● TASK TO CARRY OUT: Find the line with "CONJ SHORT - CANELADO" in the entries below, then output every line from it down to the line with "Cheap Wooden Disposable", exactly and with no pictures.

● STORED DATA:

# # # # #

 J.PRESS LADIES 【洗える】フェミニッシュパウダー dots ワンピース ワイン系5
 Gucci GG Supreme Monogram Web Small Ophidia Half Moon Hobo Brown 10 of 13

# # # # #

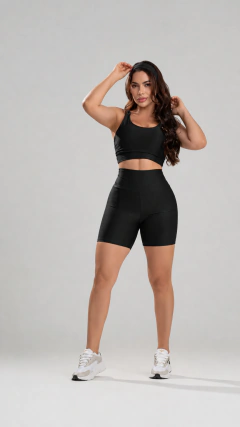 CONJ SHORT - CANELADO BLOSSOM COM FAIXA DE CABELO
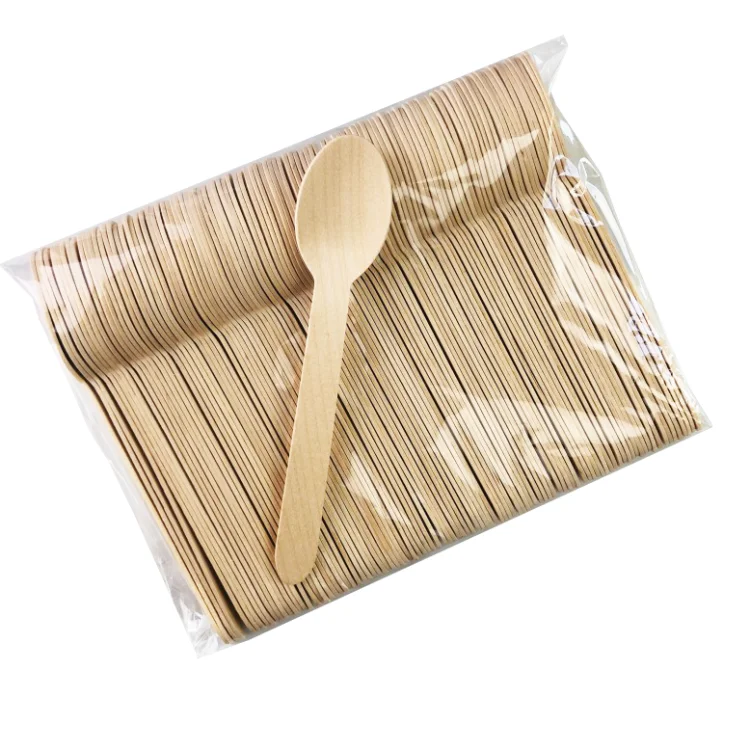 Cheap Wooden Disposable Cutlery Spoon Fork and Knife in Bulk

# # # # #

● ANSWER:
 CONJ SHORT - CANELADO BLOSSOM COM FAIXA DE CABELO
 Cheap Wooden Disposable Cutlery Spoon Fork and Knife in Bulk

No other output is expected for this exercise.